仏教を楽しむ

仏教ライフを考える西原祐治のブログです

わたしと”人間・親鸞”(1)作家 五木寛之を聴く

2010年07月27日 | 浄土真宗とは?
深夜便は、「わたしと”人間・親鸞”(1)作家 五木寛之(H22.6.13放送)」でした。いつも聴いているようで、大概の4時からの深夜便の再放送は、初めて聞く話なので、聴いていない方が多いのだなーと納得。

いつもながら言葉を商売として用いる人なので、言葉の使い方が芸術の域まで達していると思った。

他力について、私を含めた宗門人は自力を否定する傾向があるが、自力は他力によってあると、万有引力をたとえて語っていた。

「自立と言うけど、自分が立つことだって万有引力あって地球に重力によって引きつけられているから自ら立つことができるのです(意趣)」と言われていた。

また東京都知事の石原真太郎さんとの対談の様子を紹介されていた。


石原慎太郎氏は、意識的に“他力本願ではだめだ”という人で法華経の信者でもあります。

石原氏は吉川英治著の「宮本武蔵」の中の話を例に挙げ、武蔵が吉岡一門との決闘に向う途中、ちょうど神社があった。
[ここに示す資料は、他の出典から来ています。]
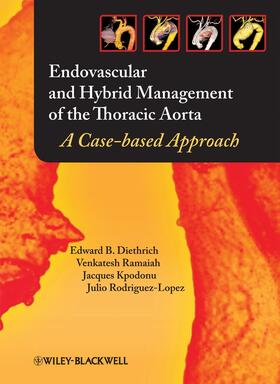 Diethrich / Ramaiah / Kpodonu |  Endovascular and Hybrid Management of the Thoracic Aorta | Buch |  Sack Fachmedien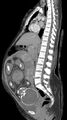 Median plane CT scan of a pregnancy of 37 weeks of gestational age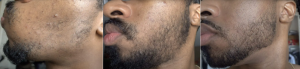 Minoxidil na bradu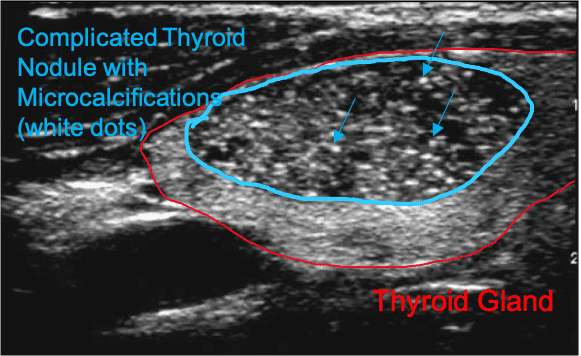 complicated thyroid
武蔵は神の加護を祈っていこうと思ったがやめた。神に勝利を祈るようでは負けたも同然だと翻意したのだという。そして武蔵は勝利した。要するに「他力」を捨てて「自力」に徹したことが良い結果をもたらしたということ。

それに対して五木氏は、「神や仏に助けを求めるような弱い心ではだめだ、決意したことこそ、他力の声によるのだ」(意趣)と返答したと紹介されていました。

五木さんの自力と他力を対立的に立てるのではなく、自力は他力によって成立するという解釈は、一般の人にはわかりやすいと思う。

しかし宗教すなわち、目覚めを核心において考えると、浄土真宗で説く他力観、“自力の存在を微塵も許さない”という領域に意識が拡張していかないと、その人の宗教にならない。なぜならば“自力の存在を微塵も許さない”ということこそ、愚の自覚であり、自己否定であり、自分の業からの解放であり、自分を無にして宇宙的な生命と一体になるという体験だからです。

それはそれとしてもっと自由に他力を楽しむ必要がある。そんなメッセージが対談を聴きながら聴こえてきました。